Jeff "grind em if ya got em" Trail

----------


## Lee Prewitt

I really like going through the older threads to see what I have missed.  This one has been really interesting.  I ran across one of theses prism at near Rx's once before.  Really stumped the doc and myself as to how one could grind it.  My question is what are these types of Rx's generally used for?

----------


## Jubilee

I must say you guys do a wonderful work with your prism segs. I remember a couple of years ago having a gentleman come in to see me who had seven diopters out in each eye. So when it came to reading using his bifocals, no use to him at all. He didn't like to switch between glasses and really wanted something better.

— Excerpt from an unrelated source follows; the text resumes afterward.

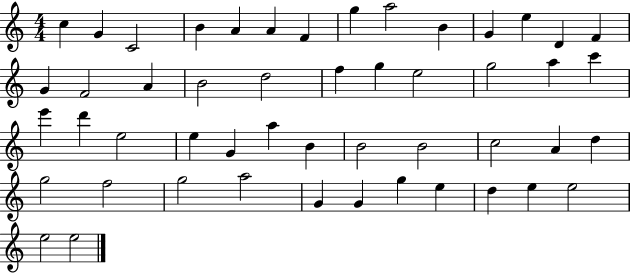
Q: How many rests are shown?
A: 0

He had been searching for an answer for years...had tried ben franklins and the like..didn't like it at all...

It just so happened that in one of the optical magazines Epic Labs was mentioned in specializing in this sort of thing. I was able to talk to the dr and come up with reducing the prism in the seg to only 1 out in each, so it required a 6 diopter in seg. It came back in a week, and my 70 year old retired engineer actually *jumped* with joy!

I really have to agree with the idea on marketing and promoting what is available out there.  Especially as the knowledge and desire lessens for most folks to reach out and do the odd stuff. Heck we have to send out all execs, blendeds, slabs, and most of our other odd stuff. Granted we are an one hour optical, but still most of the odd stuff we could do in the hour if we just had the lens stock or a good drill... If we are scaling back like that, how many other companies are in doing non bread and butter stuff, and as wholesalers get more of this, why do they want to spend a lot of time on high breakage potential jobs?

Go for it! Market it! Educate !

Cassandra

----------


## Darryl Meister

> *Lee Prewitt said:* 
> My question is what are these types of Rx's generally used for?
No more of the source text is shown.